How late is the pier open? Thanks. ( I found out. I forgot there's this thing called a phone. I used it and got an answer: the pier is open 8-8 everyday for now. )


----------



## cobiadude (Apr 23, 2004)

*nothin*

thats awesome considering all thee hampton piers minus like 2 have been demolished due to that dumb storm.anyway i was wonderin if youll catch cobia out there cuz i love to catchem and have nowhere to go thats close and if you do ill be out there tis summer and whut style rigs do you use to catch them bottom fishin or pin riggin


----------



## Fishendude15 (Jan 20, 2004)

I dont know if va beach catches them but i have seen them caught at sandbridge. That is where i am going for them this year.


----------



## Stingsilver (Apr 5, 2002)

The problem with kingfishing from va beach pier is that the boats and skidoos (and even the police boats) come right by the end. I've never seen an anchor line last more than an hour or 2 off the end. I always hang a bait off the side close to the end, but on the bottom, buckroe style, and sometimes put out a float rig with a live spot or threadfin or menhaden, but i keep it no more than 20-30 yards or so off the pier. And although i've heard that the occasional cobia has been caught there, i have never seen it and i haven't had the luck to get one.

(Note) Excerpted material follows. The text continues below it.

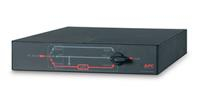 APC Service Bypass Panel - 100-240V,30A, BBM,Hardwire Input/Output
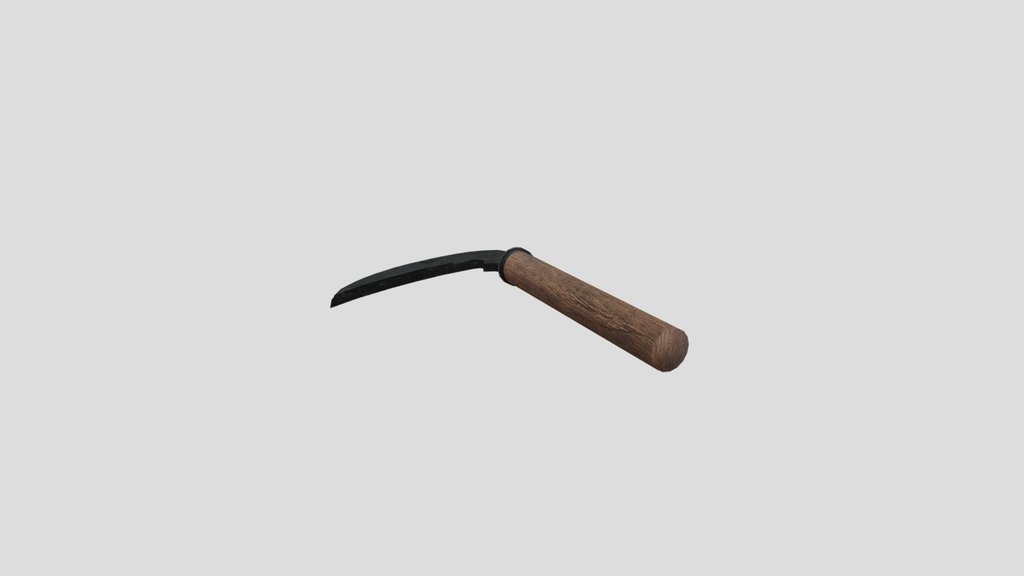 Sickle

I really hope they do add a Tee or diamond, but they need to post signs about boats keeping 300 feet off (which the boaters are supposed to do anyway, i believe?) and they need to talk to the shore patrol about some enforcement.

Virginia beach used to be a great pier and i'd love to see it come back, cuz i fish there many weekends in the summer with my kid.


----------



## cobiadude (Apr 23, 2004)

*thats good*

how many of youll fish for them buckroe style and how often are they caught on sandbridge


----------



## Fishendude15 (Jan 20, 2004)

what is buckroe style?


----------



## cobiadude (Apr 23, 2004)

*nothin*

when you use 2 swivels one for sinker to slide freely and the other tied on the end for you hook and bait and fish on the bottom


----------



## cobiadude (Apr 23, 2004)

*question*

bobby my names andrew let me know when you make your first trip out there maybe hook up and fish together some time this year


----------



## wild sidearm (Aug 16, 2003)

isn't that like a drum rig


----------



## Fishendude15 (Jan 20, 2004)

Cobiadude that sounds good.


----------



## cobiadude (Apr 23, 2004)

*yep*

its your handy dandy drum set up thats how ive fished for them for the last 6 years


----------



## Fishendude15 (Jan 20, 2004)

cool i am going to try the rig that uses two rod.(ancor rod and fighting rod)


----------



## cobiadude (Apr 23, 2004)

*no*

thats the onbe rod system im not sure how to use the 2 rod system man


----------



## Bonito6t9 (Dec 2, 2003)

buckroe style is nothin but the cheap mans fish finder rig...tightlines



Fred


----------



## Fishendude15 (Jan 20, 2004)

When lynnhaven opens at 8 am on the 15th i'll be there.


----------